After looking since 2005, I have finally located what I believe is a 1902 screwdriver for my 1918 van. I think I now have everything....except the tool roll itself. I'm guessing the vendors have those... If this is not the correct screwdriver, it must be pretty darn close! Better still, it has never been pounded on.
So that's what an Old Ford screwdriver looks like
I know that I have at least one of those floating around in a junk tool box
I will have to go on a treasure hunt
I thought that the screwdrivers had seven flutes around the handle.
Should be eight flutes. The shape of the shaft is different too. But it will do as a substitute. Most people won't know.
Here's my tool kit all sandblasted and wire brushed and ready to go to the gunsmith for bluing. The screwdriver on the right doesn't get blued, as I understand it. I'm told the handle was dipped in black paint, even though I don't see a note to that effect on the drawing posted above.
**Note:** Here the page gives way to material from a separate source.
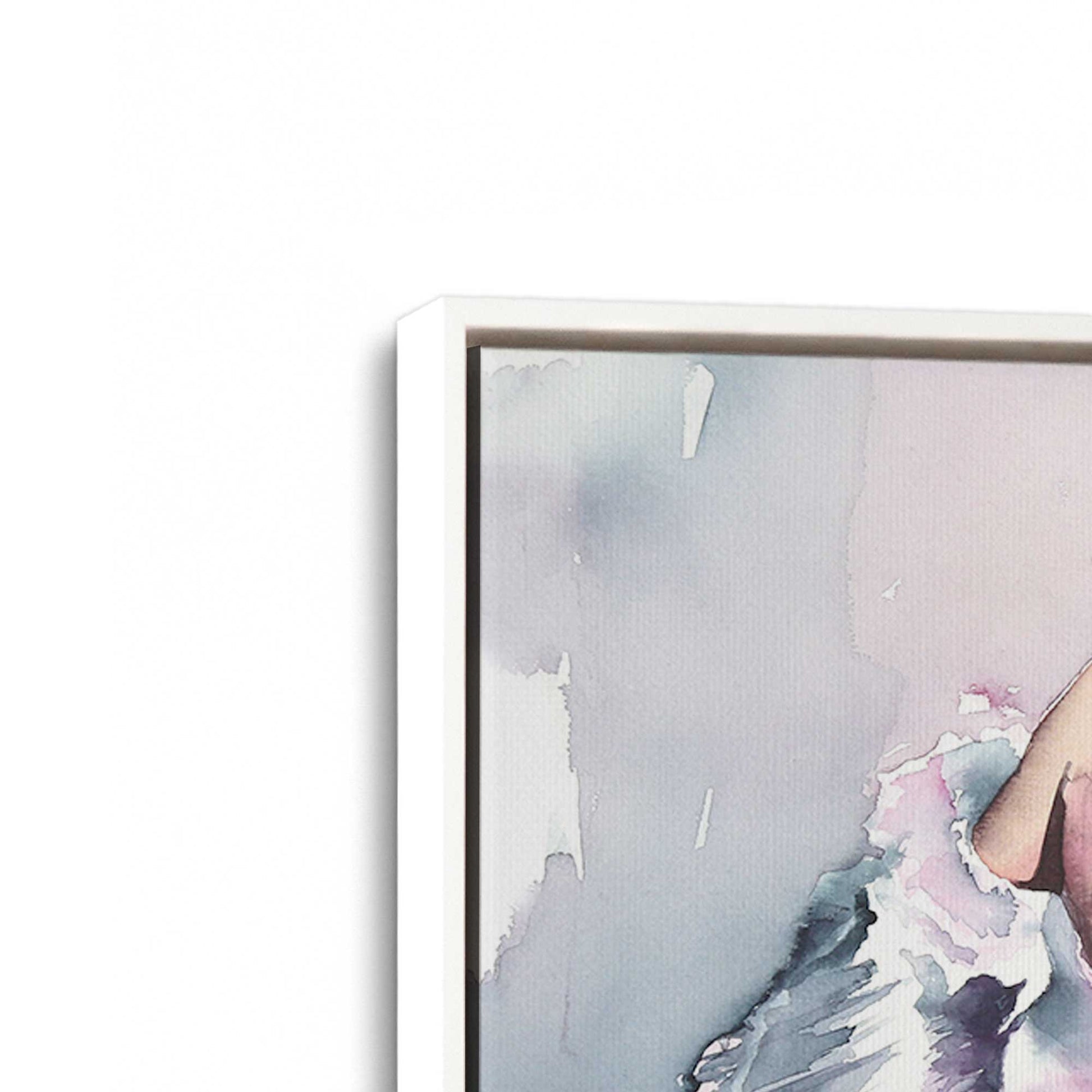 [Color:Opaque White], Picture of art in a White frame at an angle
BTW, the flutes on the handles of all of these I've seen are not nearly as distinct as those shown on the drawing. Some are hardly there at all. But Steve is right about the orientation of the blade. He's also right that hardly anyone would notice the difference.
You would think with all the tools reproduced these days, Like hub pullers, That someone would make the screwdriver complete with licensed ford script. i would buy one.
Screw driver has no Ford script on it.This is a nice find.I have picked up 2-3 in the last 40 years of looking.I have never seen a non-screwdriver tipped set of Ford pliers either. Mike,Why is you headbolt wrench unmarked?
Unc -- It's marked with Ford script, but it's right in the flat shiny spot near the lower end. Here's a pic of them after bluing, but before oiling.
My gunsmith friend told me that bluing doesn't stop rust; you need to oil blued parts to stop rust. Sure enough, when I pulled the tools out of the roll to photograph them, there was a rusty haze on one side of the monkey wrench handle. They're oiled now.
I'll need to deal with that rust, and I now see that the band wrench has some as well. The camera flash highlights it; I didn't see it by eye. The jack is painted, and the Noera oil can is replated with copper. I also have a nice double-barrel brass Bridgeport tire pump which Uncle Jack restored and gave me for Christmas a couple of years ago. What a nice surprise that was!
I would still recommend airing up tires with the compressor at the shop before getting stuck along the road and having to replace the tore up tube in a tire..Hand pumps are pretty much ,just for show.
Mike: I don't know the year you plan to use that tool set on, but the hubcap wrench is mid '20s. Judging from the screwdriver, and the band wrench, I believe you should consider one with the shoulders.
It would be nice to have some information on the evolution of the #1349 wrench. It never changed in Kansas because we don't have evolution.
Larry -- I put this set together to use with my '15 Coupelet. The hubcap wrench is correct, according to the MTFCI Judging Guidelines. I know other sources conflict, but the MTFCI judging goes by their own Guidelines, not Bruce's book. If you'll get Russ to change the Guidelines, I'll use another wrench when I show the car. I have another one with the maker's mark and without the Ford logo, which I believe is correct, MTFCI Guidelines notwithstanding. I thought the screwdriver and band wrench were correct. If not, please educate me.
I've never understood why there seems to be so much disagreement on what belongs in the tool sets. I'd like to assemble one myself but I don't even know where to start.
Information on Ford tools is hard to find. I suspect there would be a lot of looking at the Benson Research place and then not much help.I have a few "Z" tools that I can find no documentation on. there have to be more.
Have you got everything else ready to go together when you ever get your body back? Only 2 more months until Petit Jean!
The screw driver is very distinct in appearance. I've had 3 of them over time and they stand out in a box full of wooden handled drivers at flea markets. As mentioned the flutes look almost nothing like the drawing and the metal shaft looks short in comparison with the handle. The shaft should show at the end of the wood and look for the rivet also. It's an odd ball all right. I've seen one that appeared to be un-painted and two with black wooden handles.